We have done a lot of steady state training in the last months. Now towards Toronto, I will try to get more pieces in with higher intensity and higher rates, so I feel comfortable doing the 2k.
ollie on erg
How much of your time is spent training on the water versus training on the Concept2 RowErg?
In winter it's around about the same, four training sessions per week in the boat and on the rowing machine. But in the summer, it's much more in the boat than on the rowing machine, while in winter it's more comfortable to train inside on the rowing machine and stay in the movement for rowing.

How do you approach a 2000m race in terms of strategy, and at what drag factor do you row?
We usually do our tests on a 145 drag factor in Germany. When I go on the road, I just try to figure out what kind of drag factor is suitable on the day based on my daily form, but it is always higher in training than I use for the regular tests. I think the approach will be the same in Toronto. So doing a bit less drag than in my training to row smoothly and go out hard and try to keep the pace down.

What does racing 2000 metres on the rowing machine feel like compared to racing 2000 metres on the water?
I have the feeling on the rowing machine, that I can actually do the 110%. On the water it is harder to get through the barrier where you go beyond what you normally can do. So, it is harder on the rowing machine actually, even if it's less time than on the water.

What advice would you give to someone competing at the World Rowing Indoor Championships for the first time?
Oh, that's a good question. I was there only once before in Toronto. It was a lot of fun and I think that was the main part. You should concentrate on the people who are competing. They're very friendly and very cool guys and girls. I really like the community between indoor rowing athletes and this is something you should definitely enjoy when you come to Toronto and compete there.

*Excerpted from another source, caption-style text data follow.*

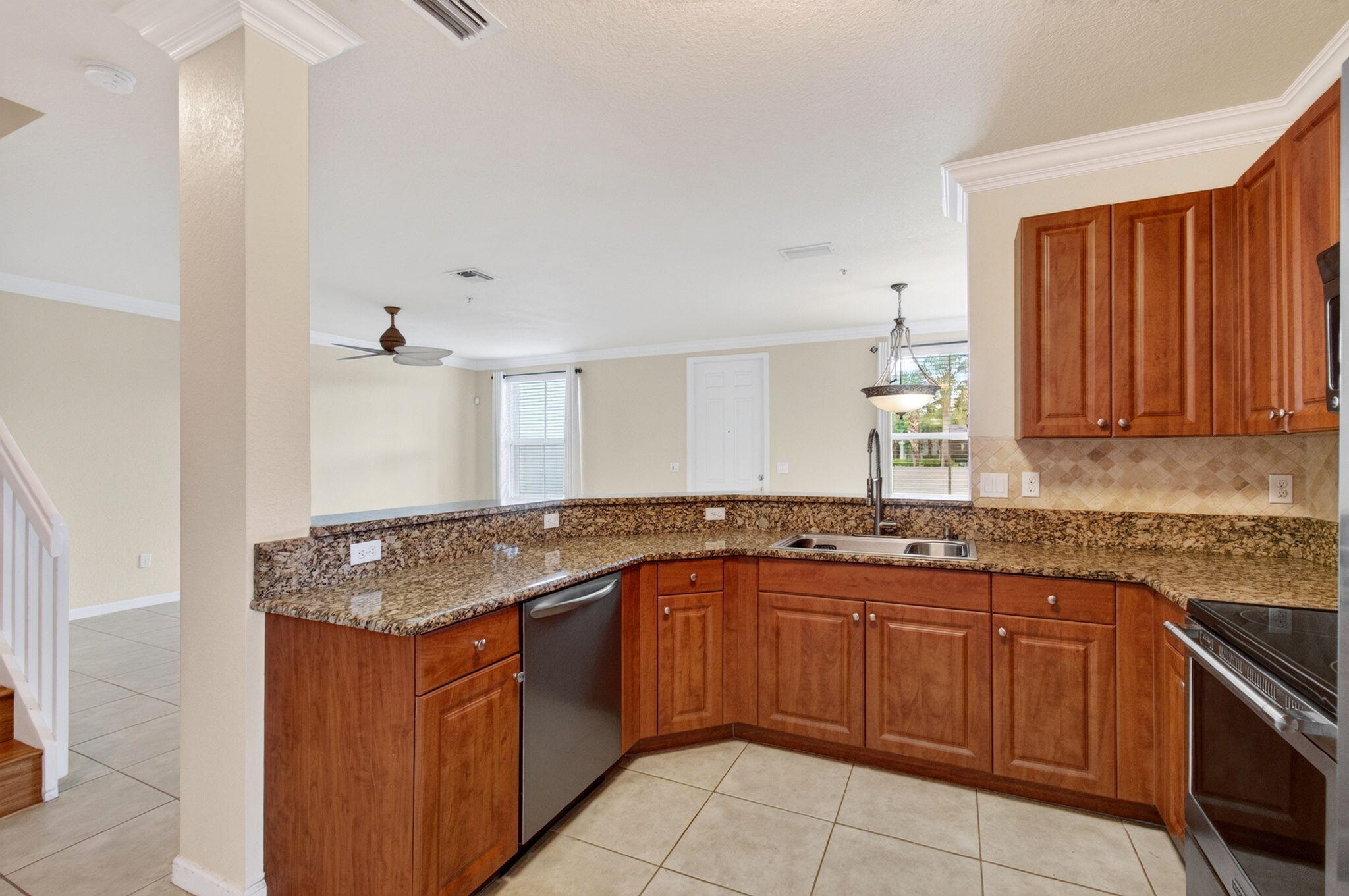 PALOMA LAKES CONDOMINIUM NO 1 - Residential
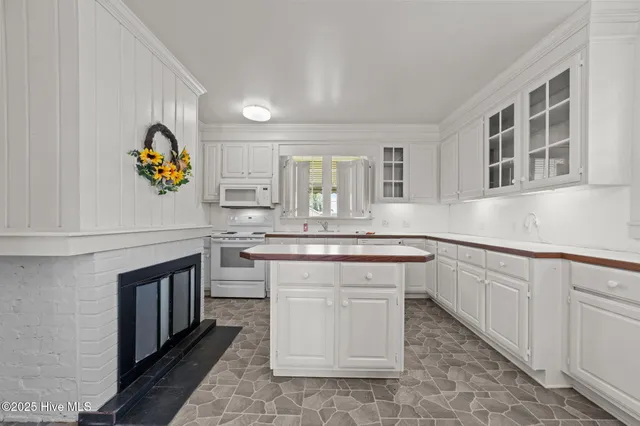 $215,000 | 18981 Highway 264, Pinetown, NC 27865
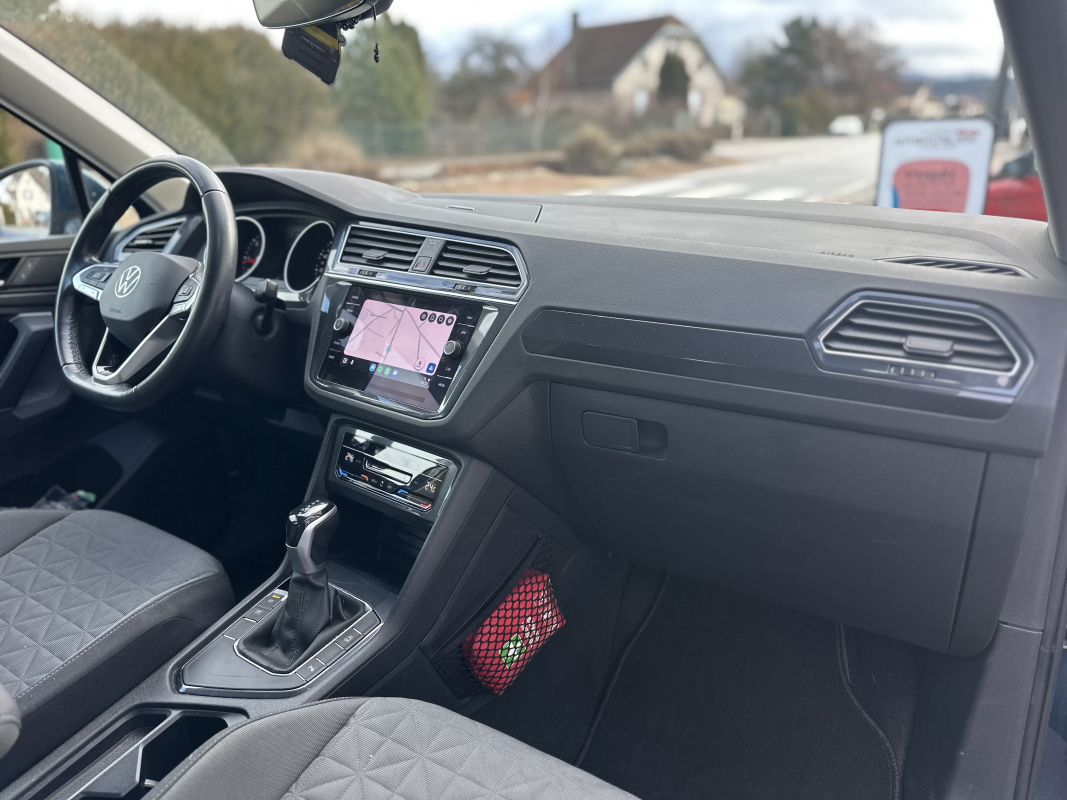 Volkswagen Tiguan — 30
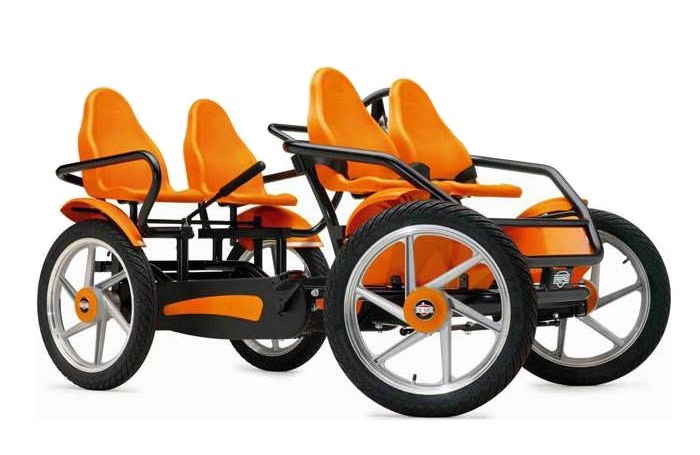Berg Веломобиль GranTour F Race 4-seaterВеломобиль GranTour F Race 4-seater Berg Веломобиль GranTour F Race 4-seaterВеломобиль GranTour F Race 4-seaterBerg Веломобиль GranTour F Race 4-seater семейный веломобиль, также возможно его использование для бизнес-проката. Рассчитан на 4-х человек. Для повышенной грузоподъемности веломобиль оборудован мощной стальной рамой. 2 педальных привода – водитель и пассажир могут крутить педали одновременно. Один ведущий руль без переключения передач – движение только вперед. Колеса из алюминия с глубоким протектором для передвижения по бездорожью. Передние кресла оборудованы удобными большими подлокотниками и ремнями безопасности. Особенности: 2 коробки рама 29.07.50.00 + тематика 29.07.41.00 семейный веломобиль для всех возрастов 2-х местный ручной тормоз нет движения назад max нагрузка 350 кг<br>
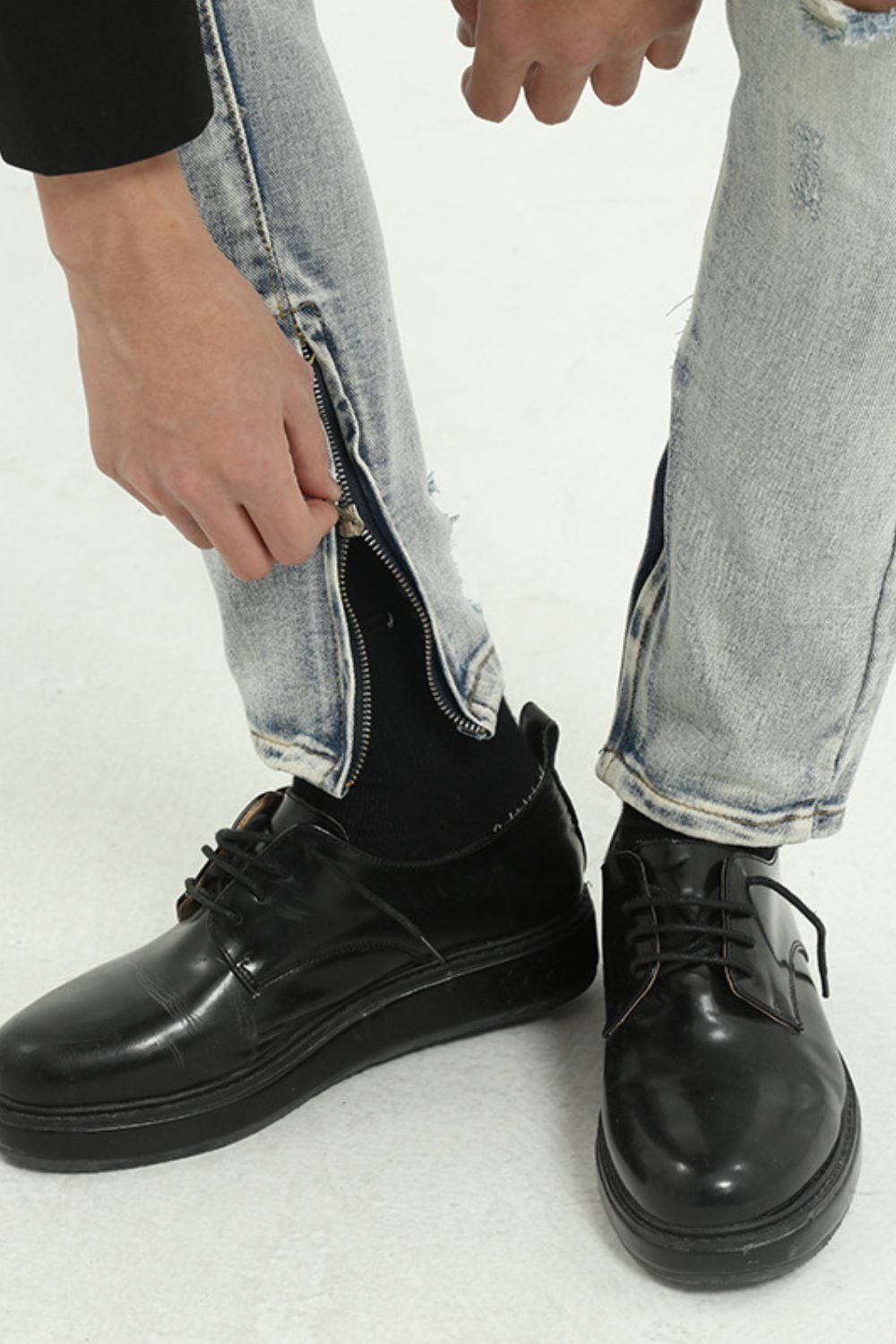 Pocketed Distressed Jeans with Side Zip for Women Fashion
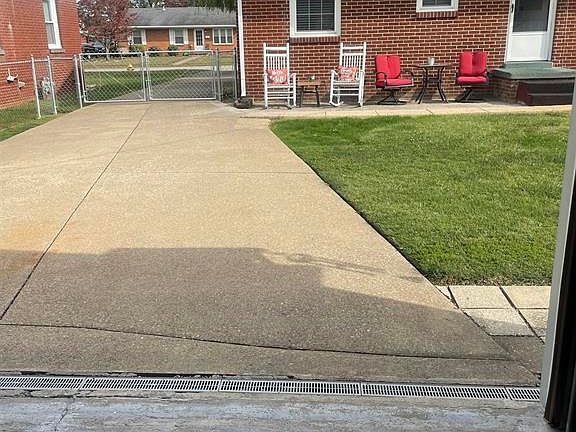 3rd image of 3626 Hawthorne Dr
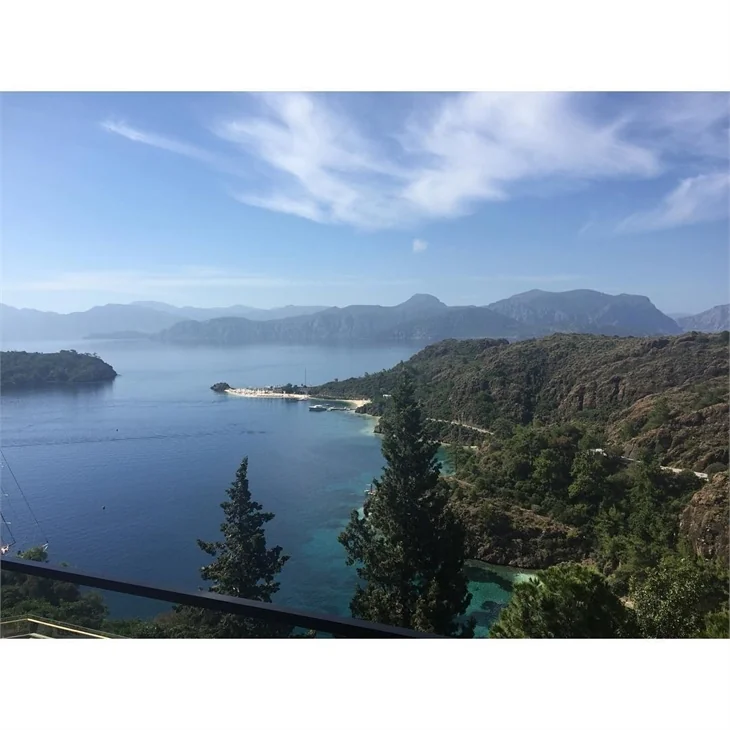 Engin Hepileri ile Beyza Şekerci tatilde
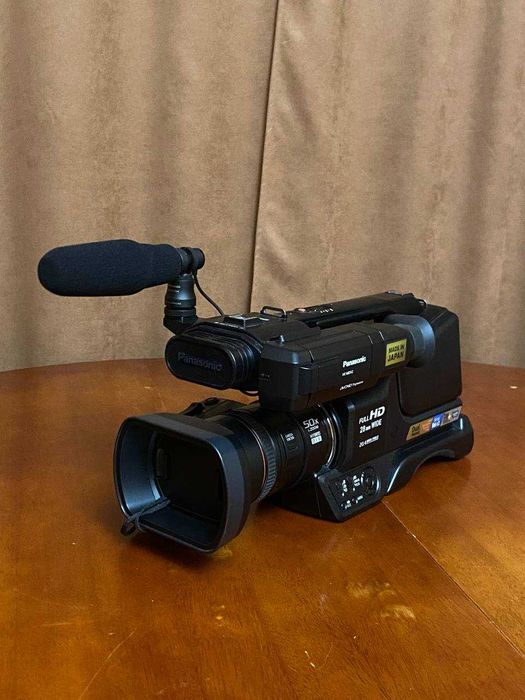 Відеокамера Panasonic HC-MDH2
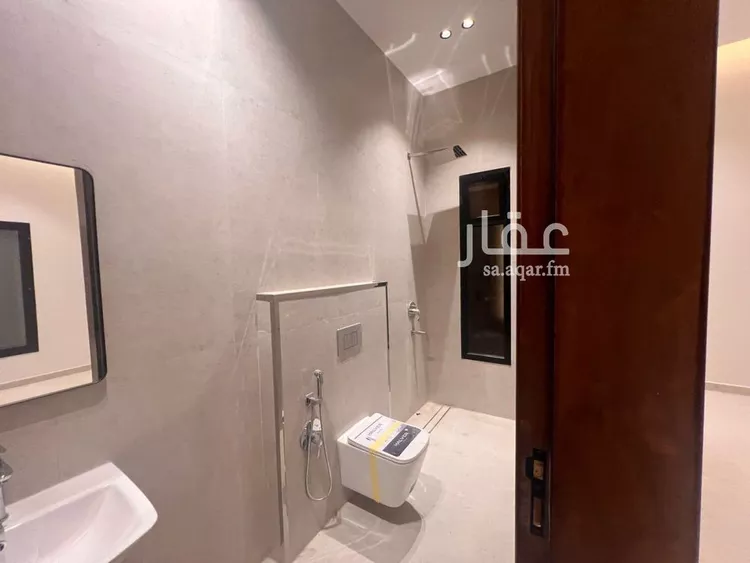 دور للبيع في شارع طريق خريص, حي الجنادرية, مدينة الرياض, منطقة الرياض صورة 2
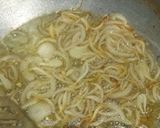 A picture of step 4 of Chicken yakhni pulao.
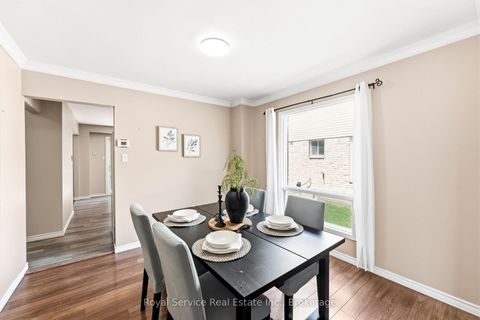 Photo 11 at 6 Gilmour Drive, Central, Ajax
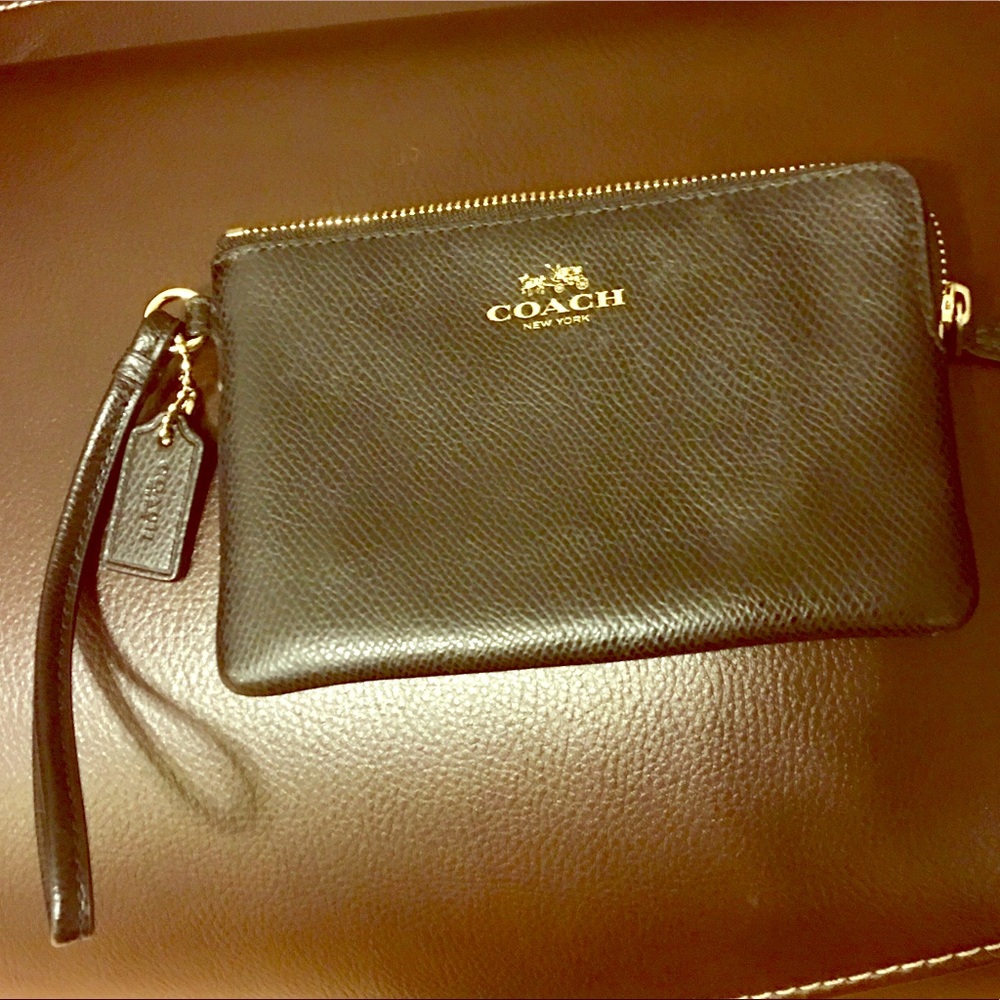 Coach wristlet/ clutch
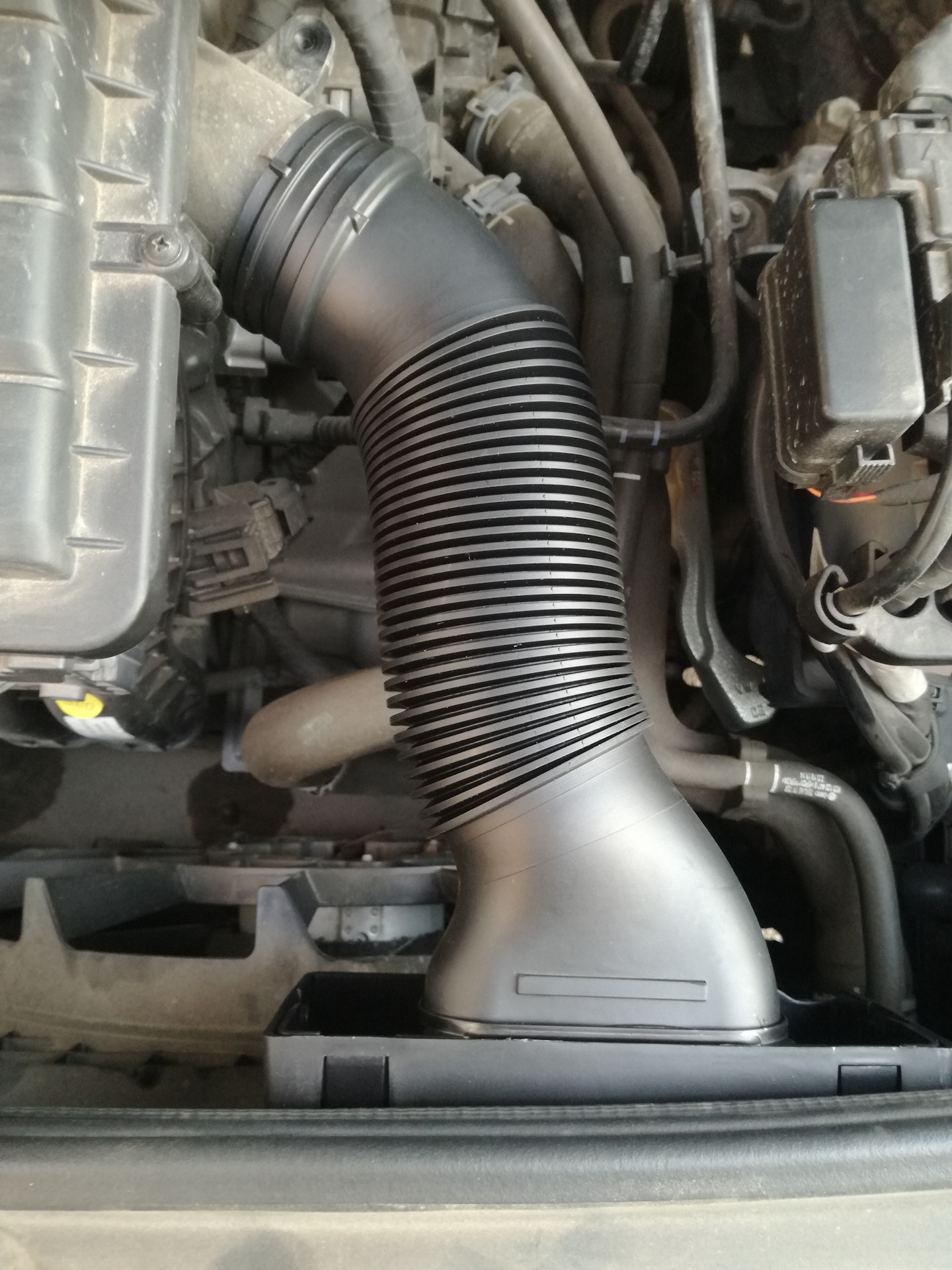 Впуск srt8. Впуск воздуха в двигатель. Впуск воздуха в двигатель. Клапан егр 651 мотор. Air intake.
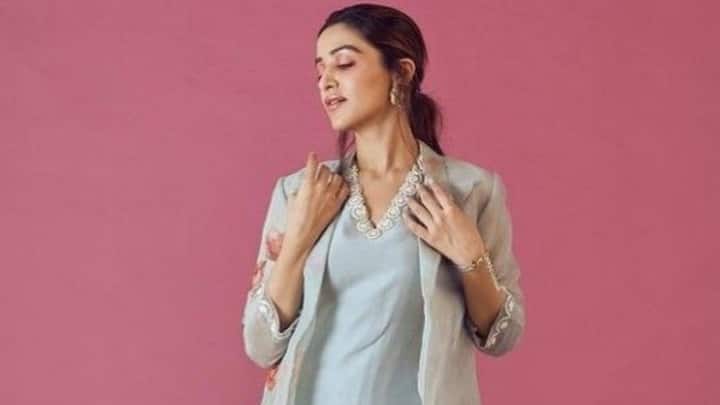Layer Kurtis With Structured Blazers: For a global, office-appropriate look, stack up a minimal kurti with a blunted blazer. The difference between Indian prints and Western tailoring resulting in a refined, modern edge. (Image Source: Pinterest/ Fashiondesigner1992)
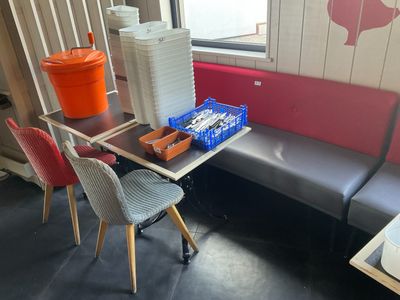 une table sur laquelle sont posés plusieurs objets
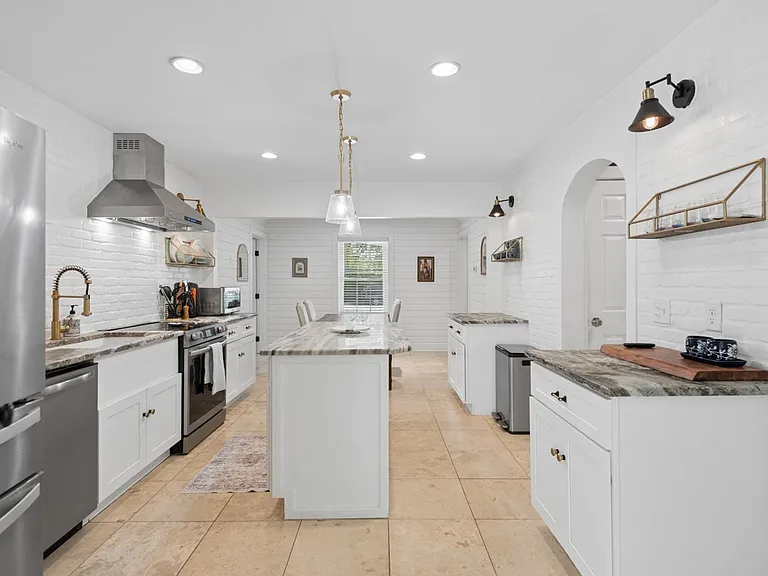 4036 Creekside Dr — Photo 14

Of course, you want to pull a good score and meet your expectations, but this is I think the second step. I would say this is the major part of competing: just having fun and meeting new interesting people.

What are your hobbies outside of rowing?
As rowers, we do a lot of training, of course, so I go hiking sometimes, a lot of weightlifting, sometimes swimming, cycling, but only indoors. So, this is what I usually do outside of rowing—any sport.

What athletes do you look up to?
There are a lot of role models out there, and I have never decided who was my biggest one. When I started rowing it was always Rob Waddell, especially because he was also very strong on the rowing machine. When I started on the rowing machine, he was definitely one of the role models at that time. He was the world record holder over 2000m. And he's also a very nice guy. I met him at the Tokyo Olympics, and he told me that he was very impressed by my journey so far and it reminded him a bit of his career. So, it was a huge pleasure to hear that from him.

What are some of your favorite workouts?
One of my favorite workouts is three times 2000 metres with about nine minutes rest in between. The other one is a straight 10,000 metres, just keeping the pace up. What I usually do is set the splits to 5000 metres. So, I do the first 5k and then try to beat the time on the next 5k. This is what I usually like to do because this sort of mental game is what I really like about rowing.

And finally, do you have Josh Dunkley-Smith’s record of 5:38.8 in your sights?
Oh, that's a good question. I don't know at the moment, actually. I did a lot of steady state training the last month. I want to do sub 5:40 in Toronto. Of course, with the jet lag and the new environment around me, it will be not that easy because 5:40 is still a very, very huge score. But yeah, that's the goal I set myself and we will see what the result is against the other athletes then.